# YOUR OBJECTIVE
Each word in the data below should be copied exactly; the images should not.

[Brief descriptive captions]

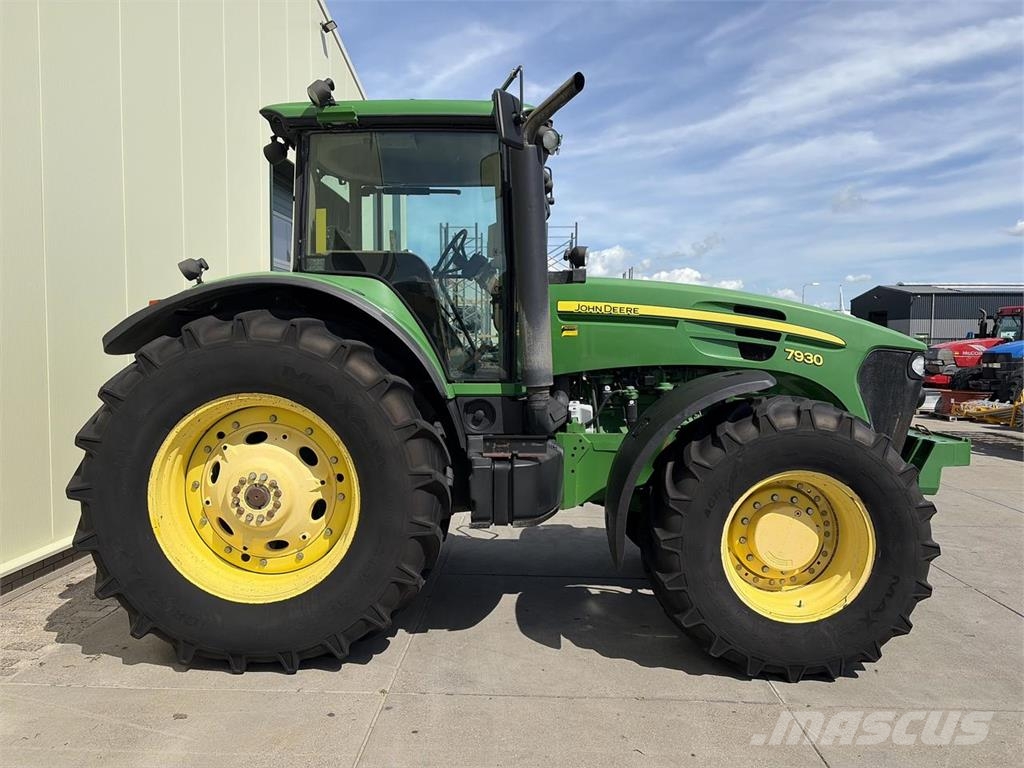 John Deere 7930 PQ Tractors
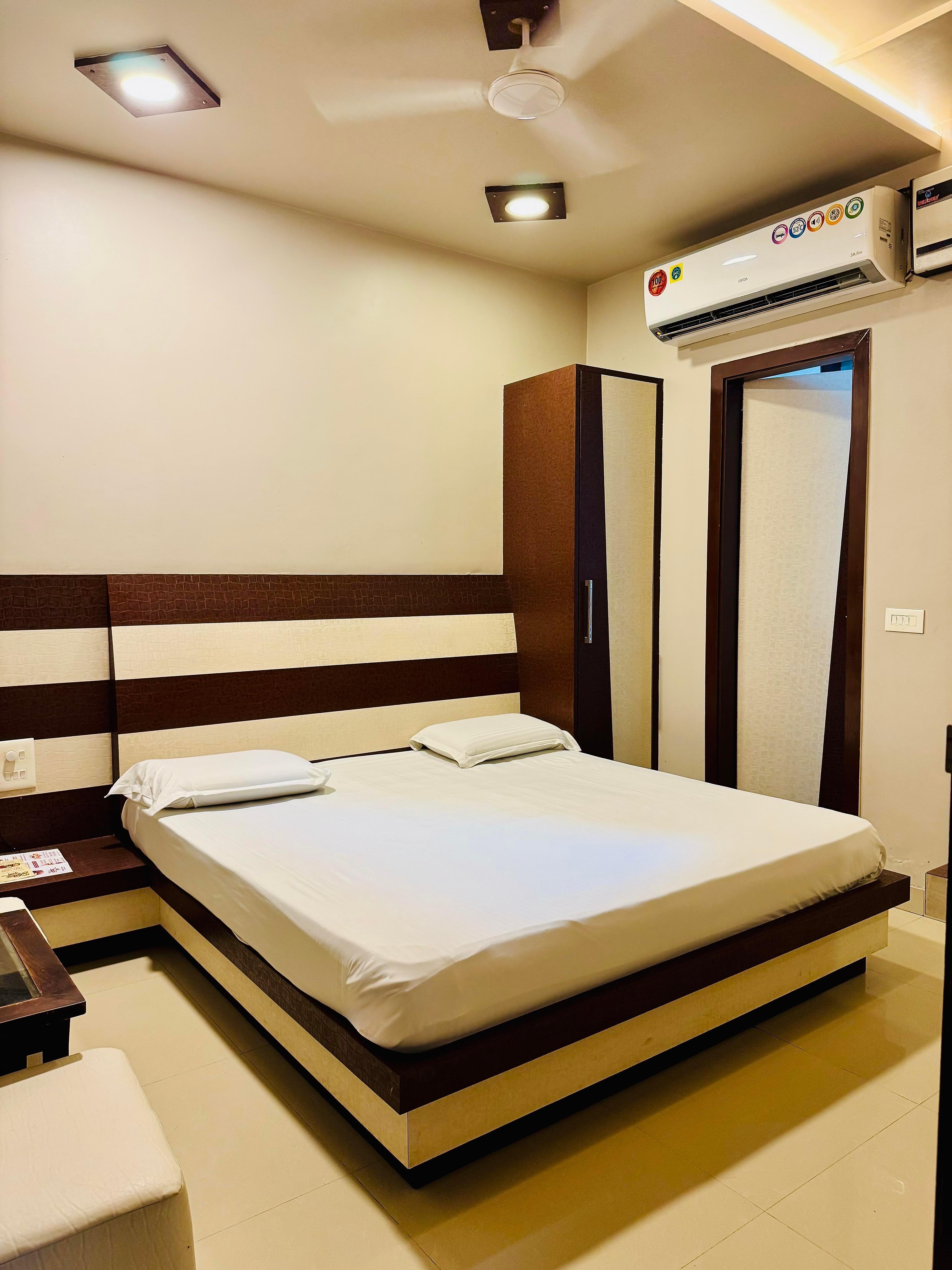 Govind Dhaba | Hotel Govind Place - Tap to explore photos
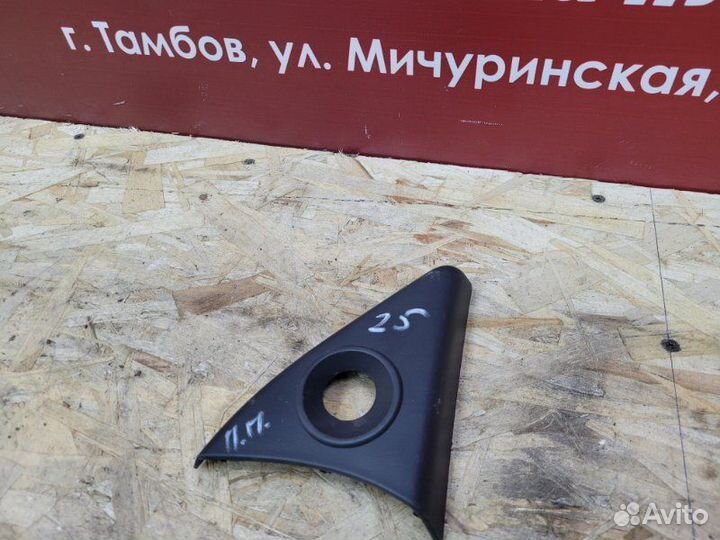 Уголок зеркала передний правый Renault Logan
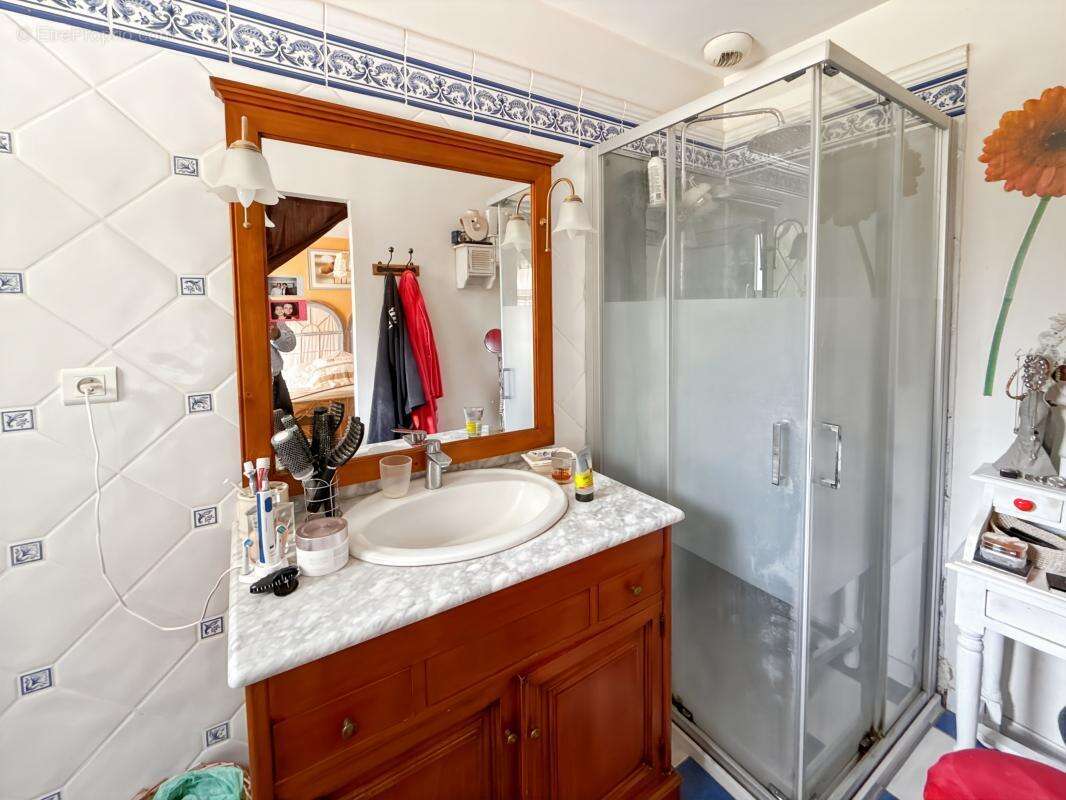 Maison à YVOY-LE-MARRON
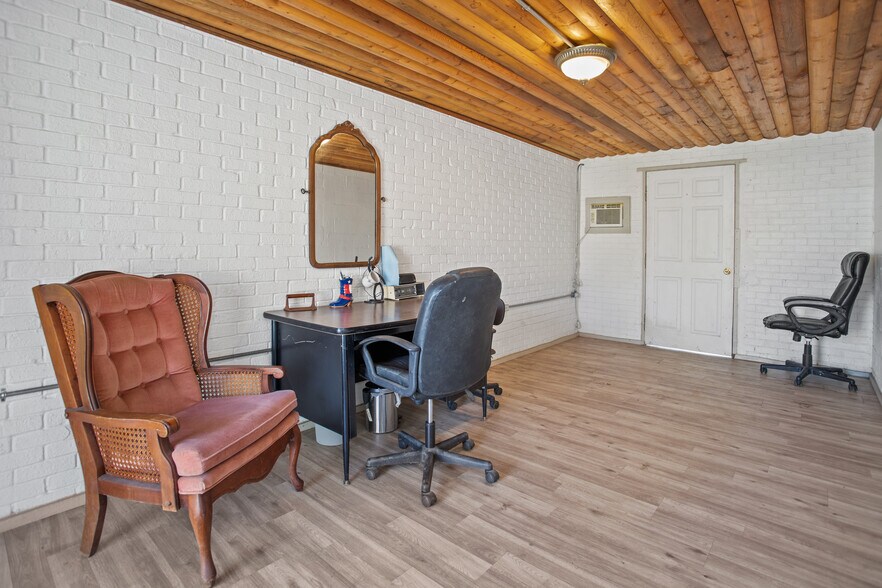 More Photos Of 815 N 3rd St, Lufkin Storefront Retail Office For Sale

# RESULT
 John Deere 7930 PQ Tractors
 Govind Dhaba | Hotel Govind Place - Tap to explore photos
 Уголок зеркала передний правый Renault Logan
 Maison à YVOY-LE-MARRON
 More Photos Of 815 N 3rd St, Lufkin Storefront Retail Office For Sale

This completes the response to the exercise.